First, here's an animation of all three axes moving together. Click on the pictures to see the animations. They aren't very useful without seeing them move!



To show various perspectives, four animated renders, animating the rendering on different axes.









Here's the gantry raised to max Z to show which parts move when Z moves.





I'm interested in thoughts, questions, criticism, ideas, or information before I start cutting up my spare bits of v-slot! ☺

Edited 2 time(s). Last edit at 04/05/2020 06:12PM by mcdanlj.

My most immediate impression is that the mass of the Z axis stepper is suspended on an inverted pendulum and Y movements may cause swaying and possibly racking. This is not to say that it won't work, just that you do need to pay attention to these forces and to find how to mitigate problems that you may get.

Mike

Thank you! I had thought a little about this, but the question caused me to think more thoroughly.
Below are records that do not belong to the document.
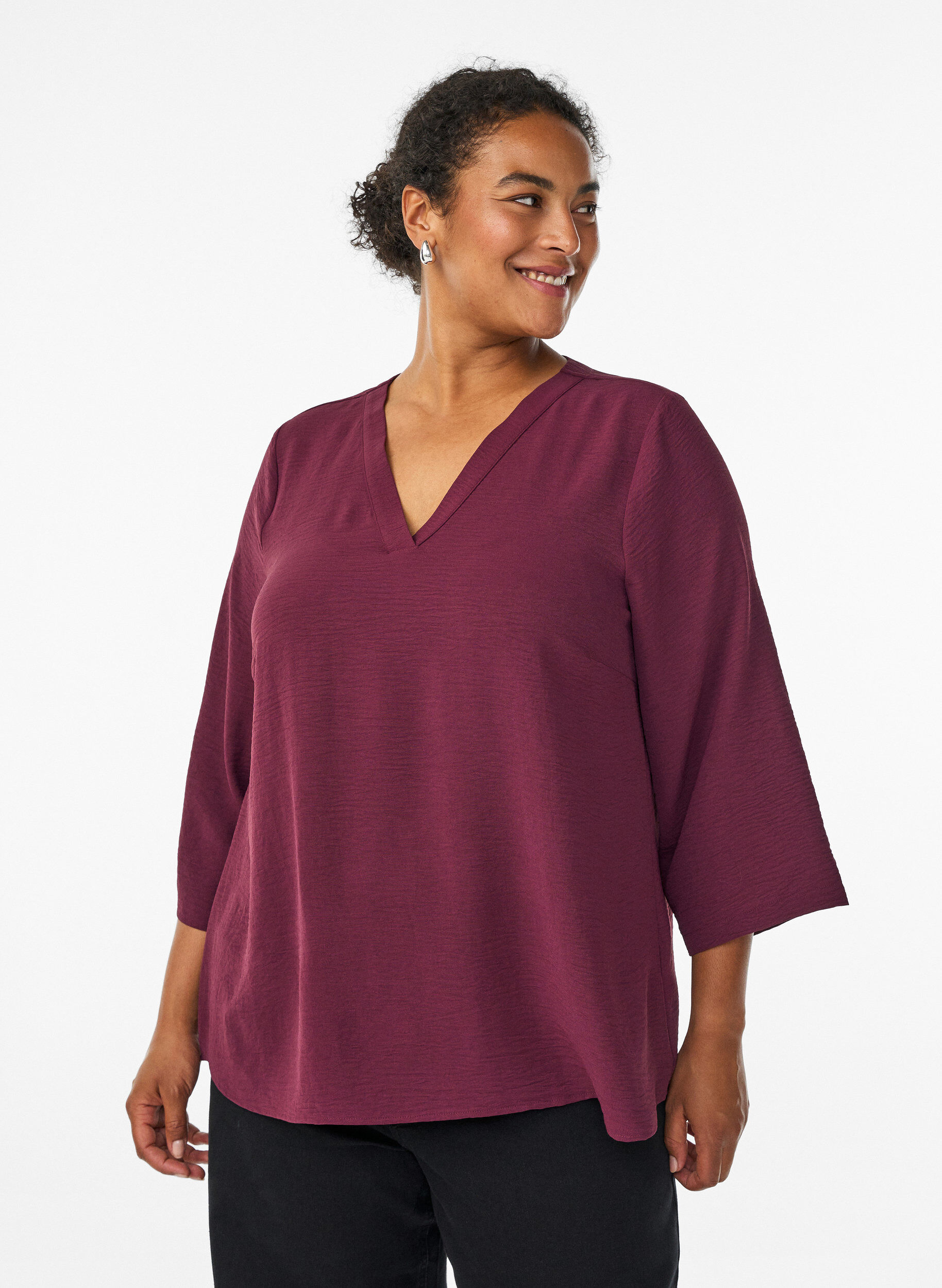Bluse mit 3/4-&Auml;rmeln, Dunkles Bordeaux, Model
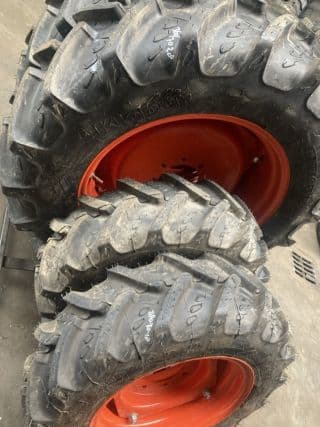 280/17-18 en 360/70-28 Kleber banden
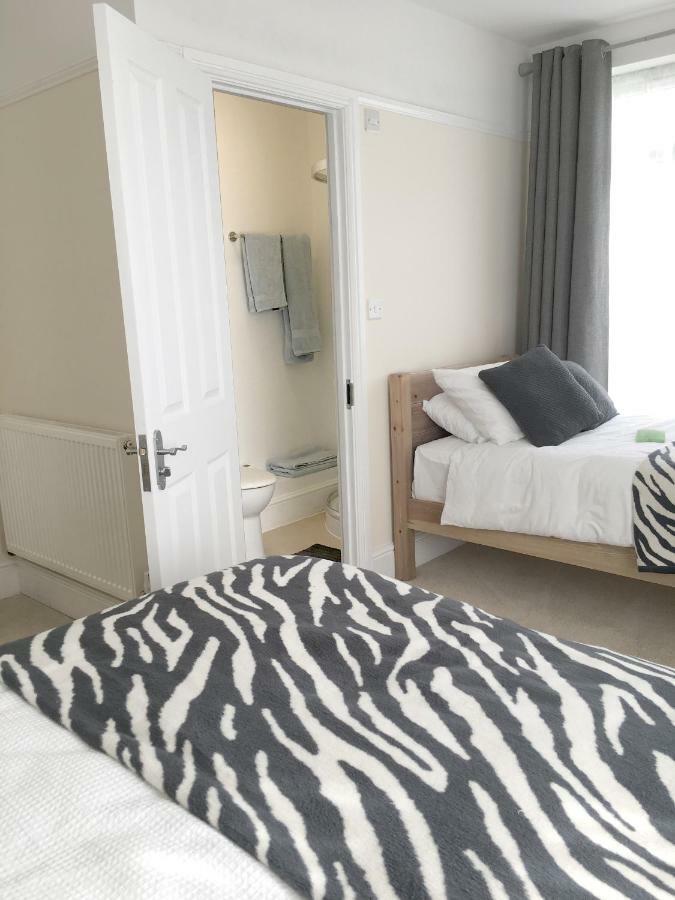1 Ashford Road Guesthouse Redhill  Екстериор снимка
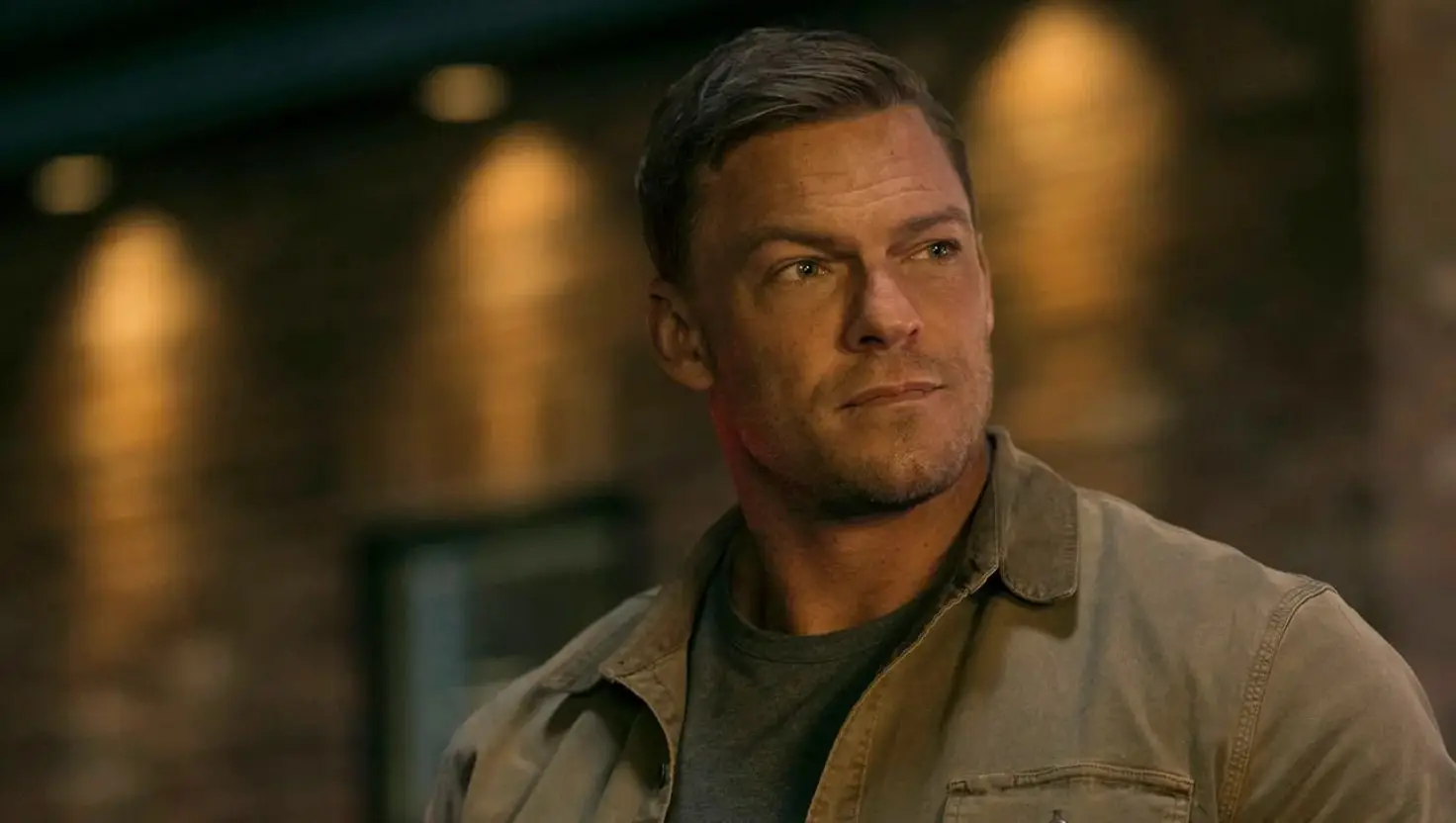 Reacher star Alan Ritchson was reportedly involved in an altercation with a neighbor (Brooke Palmer/Prime Video)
There is a problem with me not having a STEP or IGES to upload. It's hard to see the tiny little wheels on the back side of the X rail in my animations. The two wheels on either side of the inverted T vertical section are easy to see in the front view, but there are also two wheels tucked in at the back side of the ends of the inverted T horizontal section running against the sides of the fixed vertical gantry sections. Those wheels are lined up as best I can with the head mass, so almost all of the head inertia is pushing through those wheels against the gantry sides. I hope.

If that's not stiff enough, I can rotate the fixed vertical gantry sections 90⁰ at the cost of 40mm more width (and looking even weirder), or even give in and actually buy some new parts — I could use a couple of sections of 4040 v-slot on the sides to stiffen the gantry sides more.

The closer it gets to max Z, the higher racking compliance (because less vertical distance between upper and lower Z wheels), so the more susceptibility to inverted pendulum forces. Having mass at the end should lower the native frequency of oscillation. My expectation is that the frequency of head movement won't be close to the resonant frequency, which will of course change with every Z movement. But I haven't done any analysis to demonstrate that, it's just... hope.

The next most obvious mitigation would be to simply print my tallest objects on my corexy printer and just have excess height in the design, reducing my 286mm maximum Z of this design to something smaller. Since the height was set by whatever ball screw was in my parts bin rather than by a concrete needs, that isn't actually crazy. (I so rarely print particularly large objects anyway.) As parts get taller on a moving-bed gantry printer, you have to start considering the inertia of the part as well as the inertia of the printer elements. On my corexy, I don't have that problem and so taller parts make more sense there anyway.

Finally, I could add a second fixed gantry stage with a second set of wheels above the existing gantry. It would technically then be overconstrained, but I don't think it would be a problem in practice. I'm unlikely to actually do that because for me the payout would probably be minimal.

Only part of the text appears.